WHAT NEEDS TO BE DONE -> Starting at the line below that contains "HKH Vitamin C" and ending at the line that contains "Handmade Fused Glass", retype each line exactly as it stands, but omit the pictures.

RECORDS FOR THIS EXERCISE ->
== Segment start ==
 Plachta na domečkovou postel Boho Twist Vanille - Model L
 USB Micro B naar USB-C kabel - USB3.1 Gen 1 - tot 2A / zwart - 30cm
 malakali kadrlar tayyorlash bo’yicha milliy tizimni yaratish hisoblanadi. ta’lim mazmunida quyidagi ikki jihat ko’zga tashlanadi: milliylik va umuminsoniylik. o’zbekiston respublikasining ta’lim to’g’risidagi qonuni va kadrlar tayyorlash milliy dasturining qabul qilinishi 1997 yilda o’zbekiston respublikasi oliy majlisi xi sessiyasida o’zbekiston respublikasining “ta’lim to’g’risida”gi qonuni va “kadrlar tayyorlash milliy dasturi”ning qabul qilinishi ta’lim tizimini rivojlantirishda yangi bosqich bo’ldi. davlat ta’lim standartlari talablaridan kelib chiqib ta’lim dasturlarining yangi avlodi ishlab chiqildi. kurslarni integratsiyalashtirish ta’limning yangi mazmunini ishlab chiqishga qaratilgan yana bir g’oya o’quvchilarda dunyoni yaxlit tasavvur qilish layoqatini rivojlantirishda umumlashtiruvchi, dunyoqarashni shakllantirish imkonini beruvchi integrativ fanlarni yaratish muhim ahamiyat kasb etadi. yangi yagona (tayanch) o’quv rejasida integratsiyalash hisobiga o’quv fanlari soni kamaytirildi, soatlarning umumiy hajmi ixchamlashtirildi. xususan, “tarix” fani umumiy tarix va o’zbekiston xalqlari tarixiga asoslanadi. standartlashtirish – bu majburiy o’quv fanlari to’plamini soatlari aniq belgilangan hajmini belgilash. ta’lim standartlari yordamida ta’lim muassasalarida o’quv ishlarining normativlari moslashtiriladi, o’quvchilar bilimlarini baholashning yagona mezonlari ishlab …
== Segment end ==
== Segment start ==
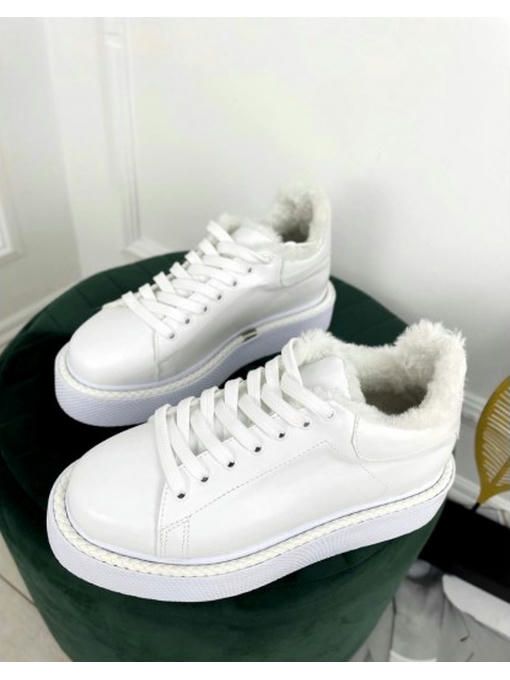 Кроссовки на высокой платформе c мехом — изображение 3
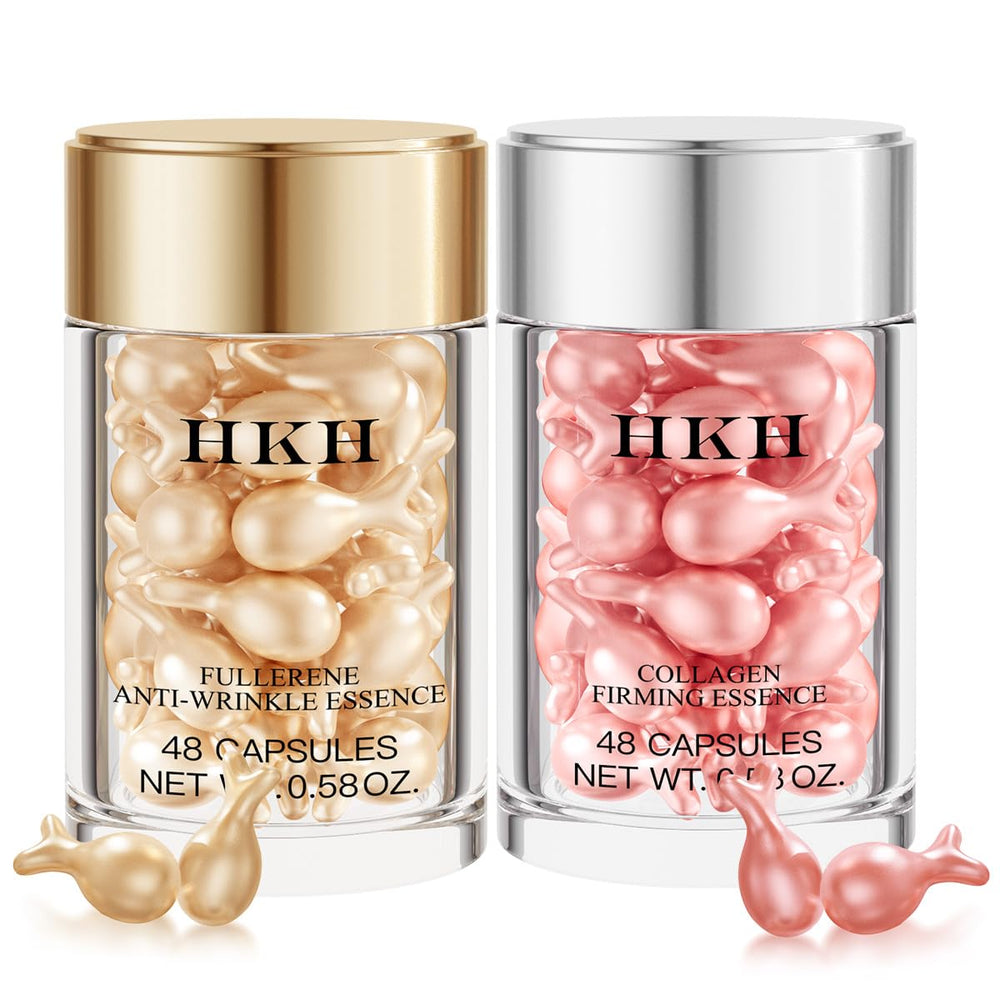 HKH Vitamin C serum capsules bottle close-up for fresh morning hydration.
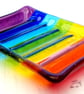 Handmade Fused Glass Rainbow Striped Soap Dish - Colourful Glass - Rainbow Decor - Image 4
== Segment end ==
== Segment start ==
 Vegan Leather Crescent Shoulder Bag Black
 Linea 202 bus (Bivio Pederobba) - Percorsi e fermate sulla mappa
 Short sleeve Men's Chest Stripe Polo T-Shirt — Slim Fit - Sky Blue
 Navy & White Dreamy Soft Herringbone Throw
== Segment end ==
SOLUTION ->
 HKH Vitamin C serum capsules bottle close-up for fresh morning hydration.
 Handmade Fused Glass Rainbow Striped Soap Dish - Colourful Glass - Rainbow Decor - Image 4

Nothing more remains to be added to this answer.